● **WHAT YOU WILL DO**
Below, locate the line that contains "Trạm sạc siêu". Repeat exactly from that line to the line that contains "Fascinator Basis Sinamay Hoed Grote Roze 1", inclusive, leaving out the pictures.

● **GIVEN ENTRIES**

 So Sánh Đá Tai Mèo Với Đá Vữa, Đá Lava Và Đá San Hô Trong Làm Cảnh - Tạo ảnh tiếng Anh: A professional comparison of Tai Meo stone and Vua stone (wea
---
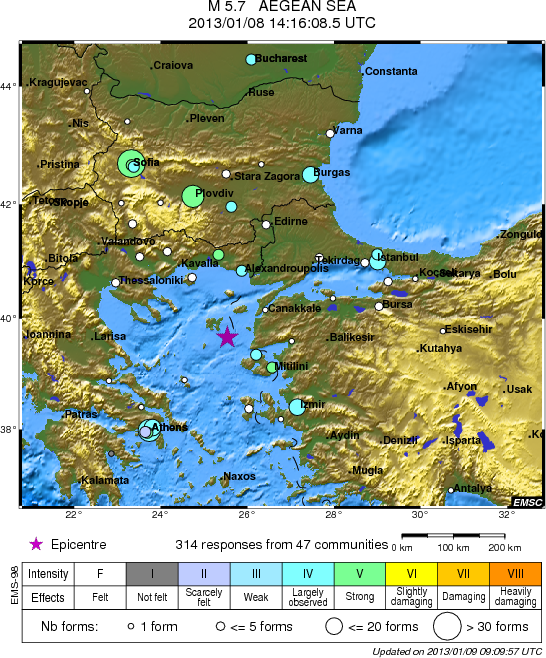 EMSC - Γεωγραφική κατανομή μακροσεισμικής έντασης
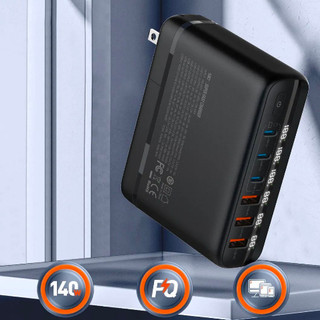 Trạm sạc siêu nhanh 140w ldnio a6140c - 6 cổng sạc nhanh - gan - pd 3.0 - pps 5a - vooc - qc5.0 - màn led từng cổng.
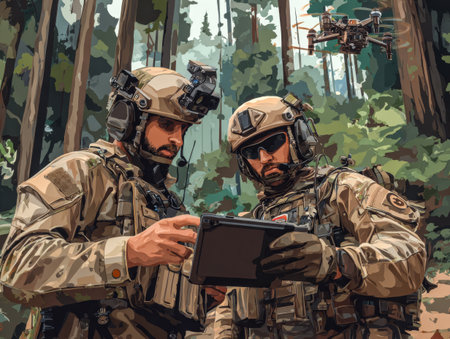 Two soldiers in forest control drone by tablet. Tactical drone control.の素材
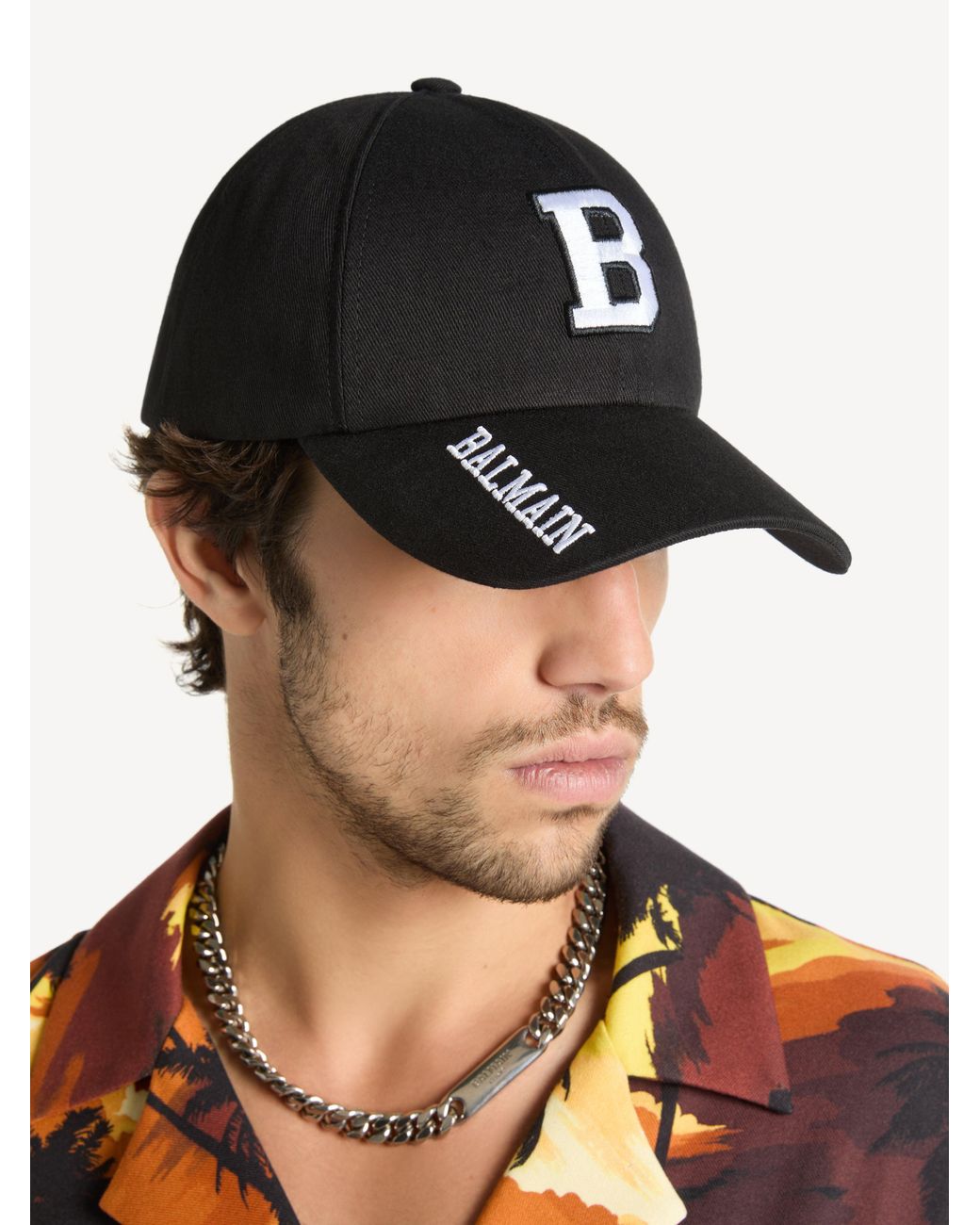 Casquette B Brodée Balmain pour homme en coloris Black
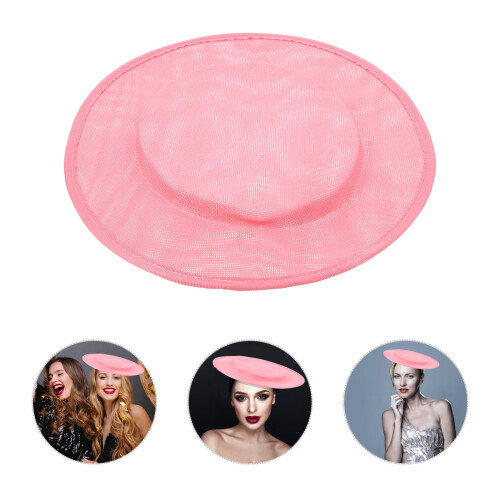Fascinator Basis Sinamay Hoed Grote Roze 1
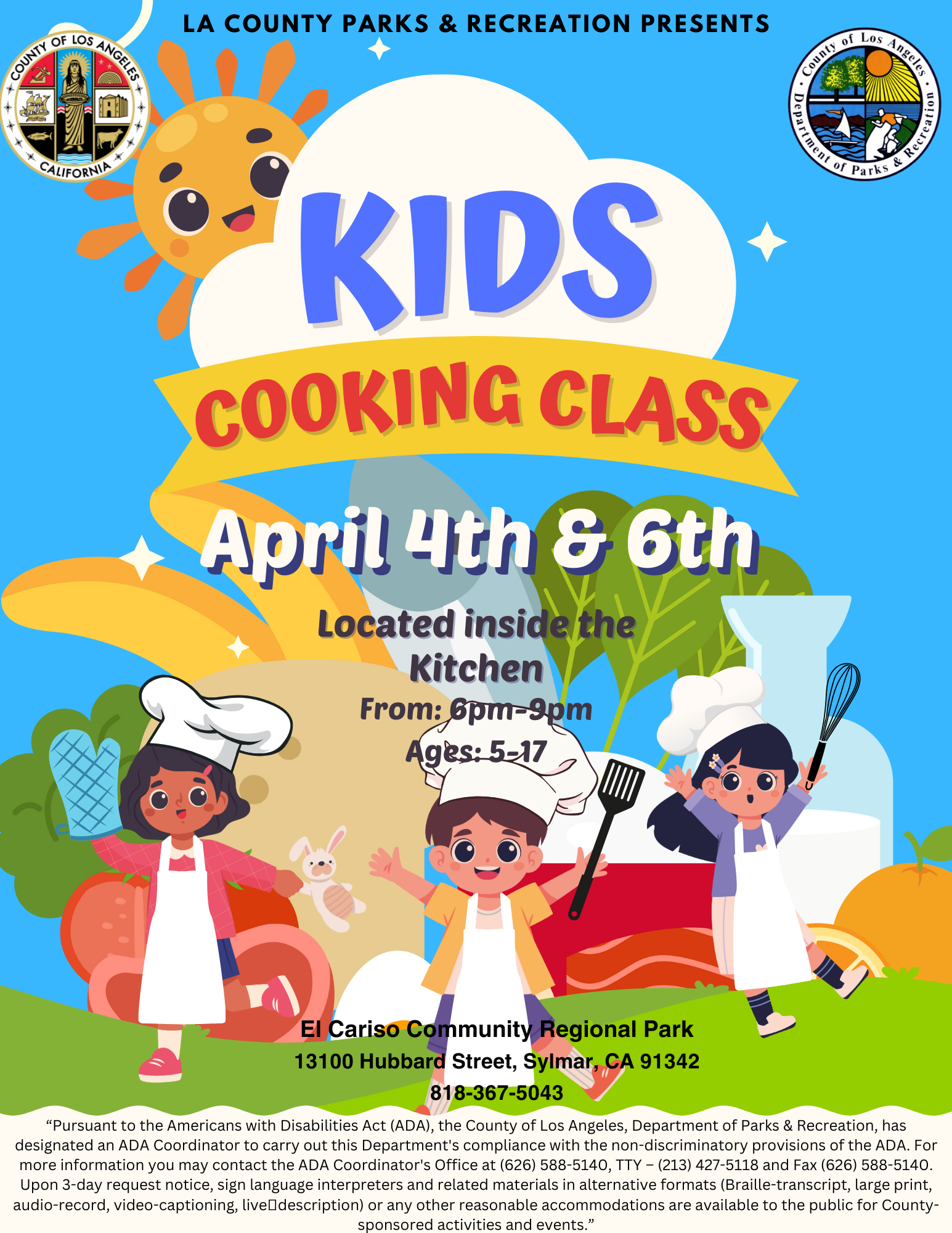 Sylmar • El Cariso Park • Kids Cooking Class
* * *
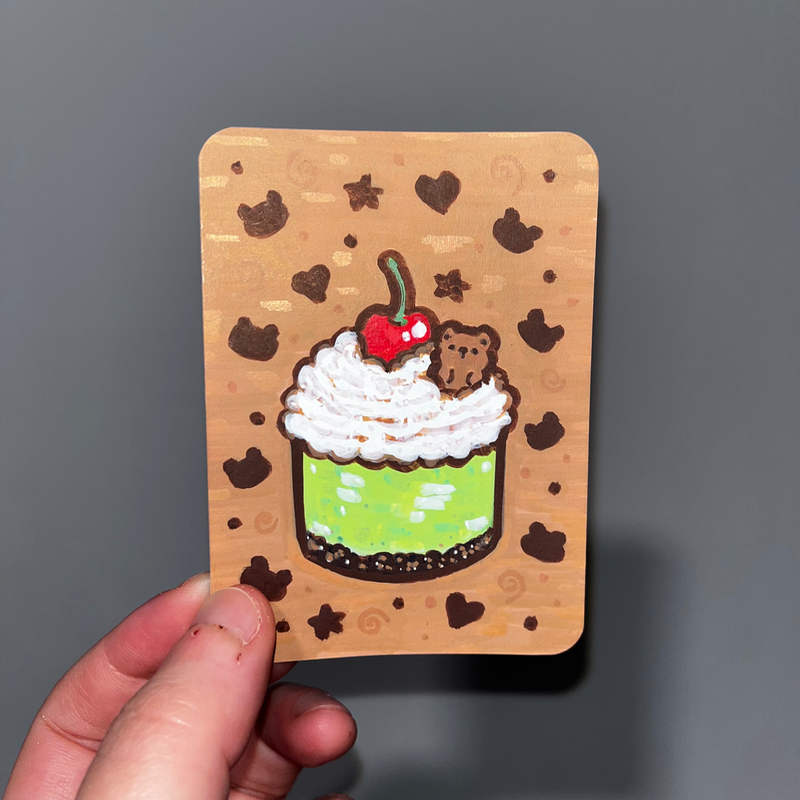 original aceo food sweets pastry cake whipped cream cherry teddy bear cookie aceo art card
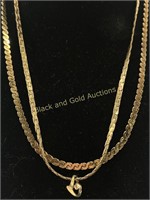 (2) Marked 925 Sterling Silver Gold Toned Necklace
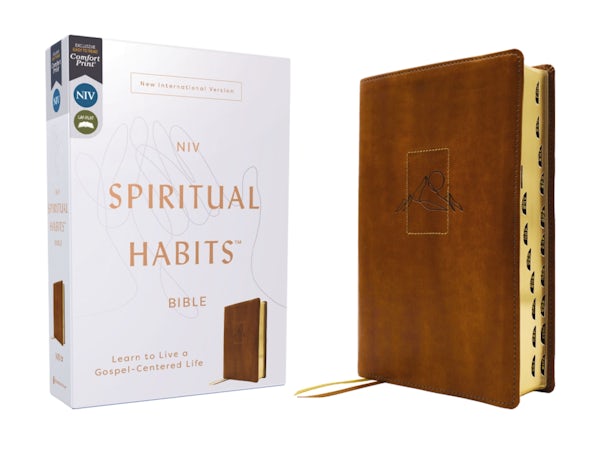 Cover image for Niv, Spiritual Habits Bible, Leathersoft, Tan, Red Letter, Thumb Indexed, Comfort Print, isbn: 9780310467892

● **RESPONSE FOR THIS EXERCISE**
 Trạm sạc siêu nhanh 140w ldnio a6140c - 6 cổng sạc nhanh - gan - pd 3.0 - pps 5a - vooc - qc5.0 - màn led từng cổng.
 Two soldiers in forest control drone by tablet. Tactical drone control.の素材
 Casquette B Brodée Balmain pour homme en coloris Black
Fascinator Basis Sinamay Hoed Grote Roze 1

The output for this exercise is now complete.